The young woman on the cell phone didn't even slow down as she passed Bottenfield Elementary School, even though the crossing guard was already in the middle of Prospect Avenue.
She drove past the school, easily going faster than 20 mph, said Bottenfield parent Leeann Stack, who watched the woman continue her conversation as she drove past the crossing guard last week.
"She was just oblivious," Stack said.
The incident was not unusual. Rose Hudson, the crossing guard at the school's dismissal time and co-chair of the Champaign-Urbana Safe Routes to School Project, regularly sees drivers going too fast through the school zone. Others drive past even when she's out in the street with her flags.

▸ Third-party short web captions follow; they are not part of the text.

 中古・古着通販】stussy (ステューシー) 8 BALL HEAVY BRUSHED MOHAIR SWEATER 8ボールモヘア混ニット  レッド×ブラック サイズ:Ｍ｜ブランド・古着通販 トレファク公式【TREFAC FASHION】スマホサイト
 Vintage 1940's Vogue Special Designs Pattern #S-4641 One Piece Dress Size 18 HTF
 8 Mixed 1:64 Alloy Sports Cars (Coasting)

"They're looking down at their phones. They're just zoning," Hudson said. "They don't see me and the orange that is everywhere."

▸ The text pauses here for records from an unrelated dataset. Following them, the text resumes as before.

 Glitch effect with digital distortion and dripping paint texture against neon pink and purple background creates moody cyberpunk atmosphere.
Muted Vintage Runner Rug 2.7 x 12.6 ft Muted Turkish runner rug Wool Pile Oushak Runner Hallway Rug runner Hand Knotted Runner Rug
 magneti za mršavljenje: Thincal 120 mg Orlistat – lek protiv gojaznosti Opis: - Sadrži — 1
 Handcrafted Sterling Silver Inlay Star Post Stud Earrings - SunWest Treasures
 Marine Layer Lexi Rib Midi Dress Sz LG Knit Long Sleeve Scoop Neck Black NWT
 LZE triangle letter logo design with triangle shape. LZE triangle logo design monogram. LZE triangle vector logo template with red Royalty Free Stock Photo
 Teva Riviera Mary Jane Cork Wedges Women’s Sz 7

Crossing Prospect Avenue was identified as the worst problem for children walking or biking to school in Champaign in a Safe Routes to School report released in the spring. Students on their way to Bottenfield or South Side elementary schools face heavy traffic, speeding cars and drivers not yielding at the crosswalks, the report states.
In Urbana, the hot spot is the intersection of Oregon and Vine streets, where some Leal Elementary School students cross. The report identified the same problems, along with the lack of a crossing guard. The Urbana police reinstated a crossing guard at that intersection this school year.
The Safe Routes to School Project plans to increase its efforts to teach kids about safety and make adults aware of the need to be cautious in school zones. The project received a $62,000 grant for this school year from the Federal Highway Administration – more than double what it received last year.
The plans include a "walking school bus," to be piloted at King Elementary School in Urbana. Adults would chaperone children on their walk to school, and there would be a set schedule for stops along the route.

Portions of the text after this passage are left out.